• [Brief]
Your task is to work out how many lines in the data that follows hold "wooden" and to state that number alone.

[[ Available records open ]]

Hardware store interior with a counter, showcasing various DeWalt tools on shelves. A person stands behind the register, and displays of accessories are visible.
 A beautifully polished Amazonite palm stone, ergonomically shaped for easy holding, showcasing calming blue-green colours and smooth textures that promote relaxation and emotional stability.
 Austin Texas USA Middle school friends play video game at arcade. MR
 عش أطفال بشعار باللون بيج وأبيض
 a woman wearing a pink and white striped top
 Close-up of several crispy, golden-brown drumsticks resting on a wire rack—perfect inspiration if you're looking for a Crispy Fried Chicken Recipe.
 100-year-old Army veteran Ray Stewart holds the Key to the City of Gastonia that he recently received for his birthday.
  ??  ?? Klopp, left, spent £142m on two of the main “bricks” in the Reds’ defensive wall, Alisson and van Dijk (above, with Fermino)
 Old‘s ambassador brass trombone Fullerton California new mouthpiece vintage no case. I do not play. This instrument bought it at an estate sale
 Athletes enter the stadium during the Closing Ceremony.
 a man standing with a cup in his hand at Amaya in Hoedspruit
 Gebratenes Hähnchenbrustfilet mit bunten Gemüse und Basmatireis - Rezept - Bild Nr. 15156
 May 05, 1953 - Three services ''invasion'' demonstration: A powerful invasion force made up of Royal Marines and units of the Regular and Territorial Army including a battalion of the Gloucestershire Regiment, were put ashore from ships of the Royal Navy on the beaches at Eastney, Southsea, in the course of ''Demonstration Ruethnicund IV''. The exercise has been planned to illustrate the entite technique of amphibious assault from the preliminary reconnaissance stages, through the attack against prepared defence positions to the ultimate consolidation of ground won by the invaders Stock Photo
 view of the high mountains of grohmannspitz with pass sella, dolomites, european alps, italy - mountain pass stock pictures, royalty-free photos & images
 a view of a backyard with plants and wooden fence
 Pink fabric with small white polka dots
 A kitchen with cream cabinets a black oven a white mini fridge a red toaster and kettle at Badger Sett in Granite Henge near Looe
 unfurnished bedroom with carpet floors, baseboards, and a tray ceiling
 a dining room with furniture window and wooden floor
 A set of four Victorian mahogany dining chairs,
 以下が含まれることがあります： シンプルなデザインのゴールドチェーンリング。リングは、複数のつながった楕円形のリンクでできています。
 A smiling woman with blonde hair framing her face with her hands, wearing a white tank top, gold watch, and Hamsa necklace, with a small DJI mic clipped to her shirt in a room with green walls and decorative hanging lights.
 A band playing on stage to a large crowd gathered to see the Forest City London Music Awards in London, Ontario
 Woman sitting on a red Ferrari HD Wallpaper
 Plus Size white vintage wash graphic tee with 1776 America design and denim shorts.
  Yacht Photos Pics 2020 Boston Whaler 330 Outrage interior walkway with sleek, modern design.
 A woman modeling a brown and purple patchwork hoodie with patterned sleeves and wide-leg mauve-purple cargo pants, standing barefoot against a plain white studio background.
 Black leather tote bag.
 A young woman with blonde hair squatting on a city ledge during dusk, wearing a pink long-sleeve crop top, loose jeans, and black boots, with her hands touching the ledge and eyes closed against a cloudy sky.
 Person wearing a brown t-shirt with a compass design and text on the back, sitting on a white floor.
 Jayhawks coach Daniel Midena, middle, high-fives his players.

[[ Available records closed ]]

• [Exercise solution]
2